Who else watched the Tony Awards this past Sunday? The news is awash with stories of a new era of Broadway, thanks mostly to the success of The Producers, which is something of an old-school runaway hit. Stories are creeping out of New York of desperate theatergoers offering to trade sexual favors in exchange for impossible-to-get seats at the St. James Theatre.
Indeed, the 12 Tonys The Producers garnered might be the biggest sexual favor of all, made literal by Dame Edna Everage presenting the Best Actor in a Musical award to Nathan Lane with the Tony statuette squeezed between her thighs, the second phallic salute of the evening (the first having occurred when the cast of The Full Monty offered the audience a full monty of its own, rendered in silhouette for the home audience by a sudden blinding flash of backlights).

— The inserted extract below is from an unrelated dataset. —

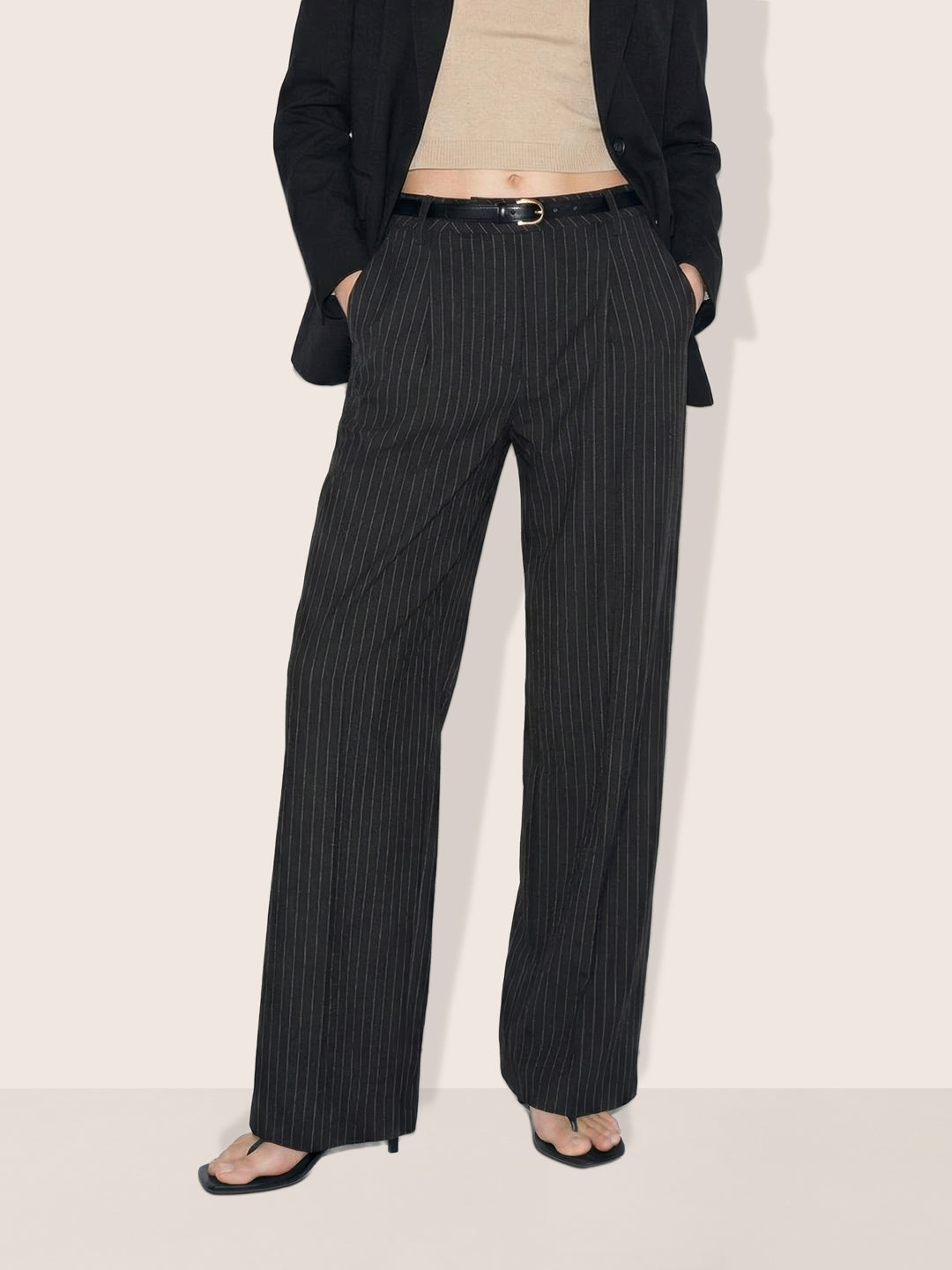 Women's Black Relaxed Fit Striped Formal Trousers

Well, forgive me if another season of tepid revivals (Bells Are Ringing, Follies), overblown musical adaptations of the books I was forced to read in junior high school (Jane Eyre, The Adventures of Tom Sawyer), and movies-turned-all-singing, all-dancing revues (The Producers, 42nd Street) seems very much business as usual to me.
Indeed, the acceptance speeches, quickly interrupted by swelling music (oh for the days of vaudeville, when an overly verbose performer was simply whisked off the stage with a hooked pole), sounded like something scripted circa 1943: I'm just a kid from the Upper West Side who had a dream to be a hoofer on the Great White Way, and how glad I am that I could tap-dance my way into your hearts.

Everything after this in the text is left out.